The project, Smart People, Smart Process, Smart Factory (S3), integrates AI, digital twins, and real-time location tracking with a gamified interface. Staff actions that cut emissions - such as reducing overproduction, waste per pack and electricity per pack - are tracked and rewarded, aligning personal, business, and environmental goals.

Innovation Case Study - Raynor Foods

Raynor has already reduced energy use and emissions by 19%, removing over 400 tonnes of CO₂e—the equivalent of 1.4 million cheese sandwiches. 

To scale the success, the team has launched a new venture to deploy S3 across UK manufacturing.

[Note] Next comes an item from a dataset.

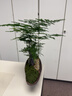 自然空間文竹盆栽綠植盆景 舟韻紫砂文竹+185座+笛童+馬+2營(yíng)養液 源頭直發(fā) 曬單實(shí)拍圖
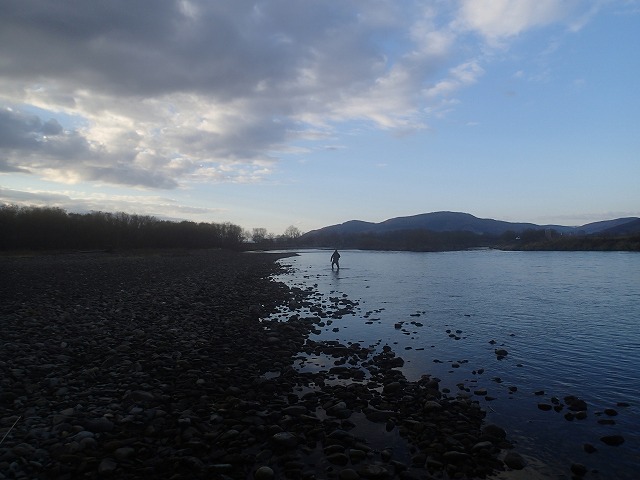 d0075843_2031563.jpg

Chris Needham, Innovation Lead for Made Smarter Innovation, said: “S3 is a brilliant example of how digital innovation and people-first thinking can combine to transform manufacturing. Raynor’s project shows that empowering staff with the right tools and insights doesn’t just cut emissions—it drives productivity, culture change, and real commercial returns.”

The Inspiration

The UK’s food and drink sector—its largest manufacturing industry—accounts for 20% of national emissions. Most businesses in this SME-dominated sector lack the tools to measure, manage, and meaningfully reduce their footprint. Sandwich production is especially resource-intensive, with 95% of producers struggling to meet decarbonisation targets.

Raynor, having already explored blockchain-led supply chain transparency via the Digital Sandwich project, wanted to go deeper—focusing on internal operations and the role people play in achieving net zero manufacturing.

The Innovation

At the core of S3 is the belief that people, not just technology, drive meaningful change. Built on the principle that what benefits staff can also benefit the business and the planet, the team created a gamified digital twin of the factory to monitor resource use in real time and reward carbon-saving behaviours.

Designed to be SME-friendly, the system avoids costly licences and complexity. A high-precision Ultra-Wideband Real Time Location System (RTLS) provides centimetre-level tracking of people and assets. This data feeds into an integration layer—nicknamed Bernard—which connects legacy and new systems to generate actionable insights.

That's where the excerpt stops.